La canzone è stata scritta dal cantante David Coverdale assieme al chitarrista John Sykes, ed è una delle composizioni più famose degli Whitesnake. Il pezzo combina le influenze blues originarie della band con un nuovo sound più aggressivo e distorto, facendone una potente composizione hard rock. David Coverdale ha spiegato la genesi della canzone in un’intervista:

“Quando morì mia madre, andai a prendere della roba a casa sua e trovai alcune vecchie cassette demo. Una di queste era una canzone che avevo registrato con Ritchie Blackmore in cui era presente l’idea base di quello che sarebbe diventato Still of the Night. Era totalmente irriconoscibile […] La diedi allora a Sykesy mentre eravamo nel sud della Francia, e lui vi inserì incredibili parti di chitarra. John odiava il blues per cui dovetti operare all’interno di questi parametri. La resi un blues elettrico, ma il modo in cui lui la eseguì fu favoloso per quei tempi e relativamente unico per le canzoni. C’erano un sacco di persone che facevano questa roba varia, ma senza avere la qualità di quelle canzoni”

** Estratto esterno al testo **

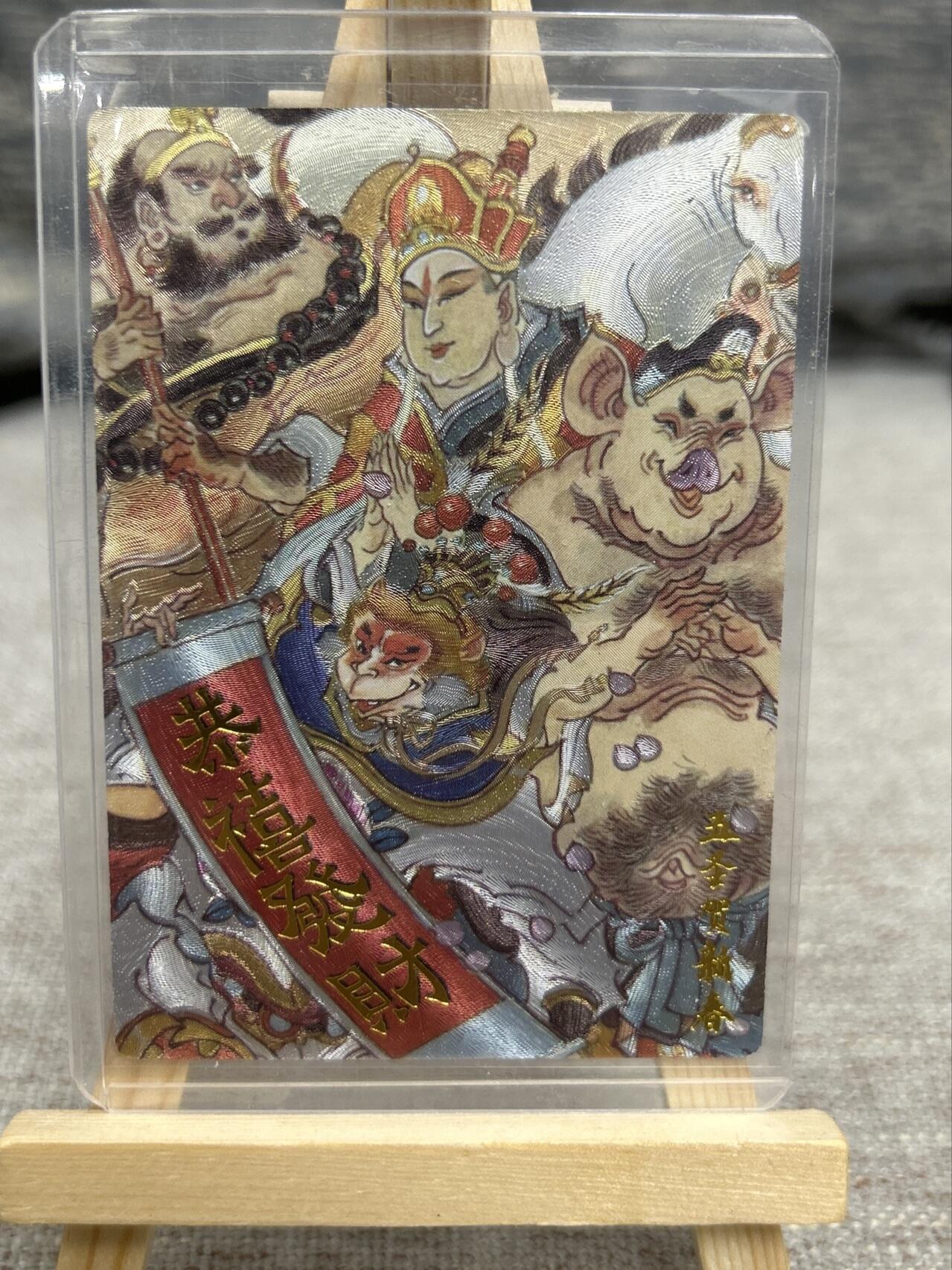 喜灰玩卡拍卖第七期，接拍品0佣金，欢迎送拍，释放现金流，让自己有资金可以购买更多喜欢的卡牌，让别的卡友能淘到更多心仪的卡牌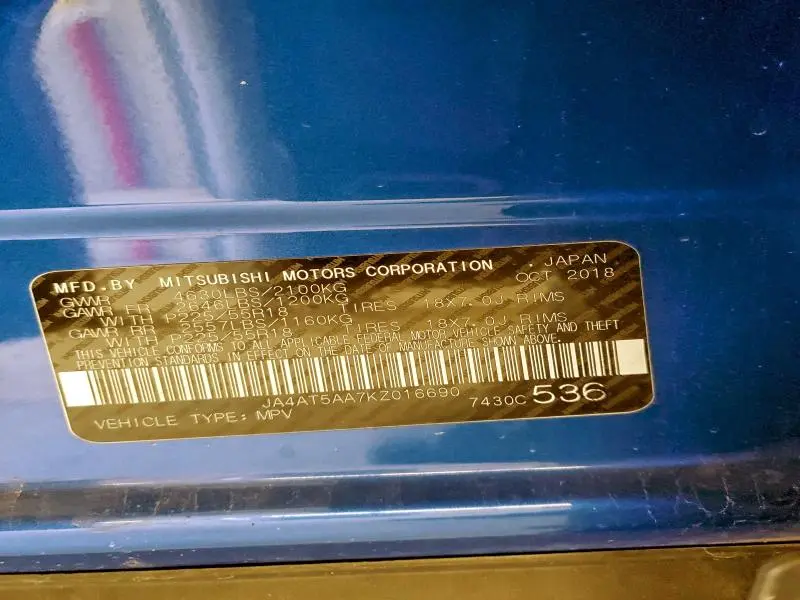 2019 MITSUBISHI ECLIPSE CROSS SE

La canzone presenta una lunga parte centrale che ricorda vagamente quella di Whole Lotta Love dei Led Zeppelin. John Sykes ha così parlato della sezione centrale:

“Sì, ed è stata in realtà la prima parte che ho scritto per questa canzone… la sezione centrale. Venne tutto composto su chitarra nella cucina di mia madre. Rimase in quel modo fino a quando mesi e mesi dopo scrissi il resto e ottenni fondamentalmente i riff e l’accordo per i versi”

La canzone è stata quasi sempre suonata nei bis dei concerti degli Whitesnake e nelle esibizioni da solista di John Sykes.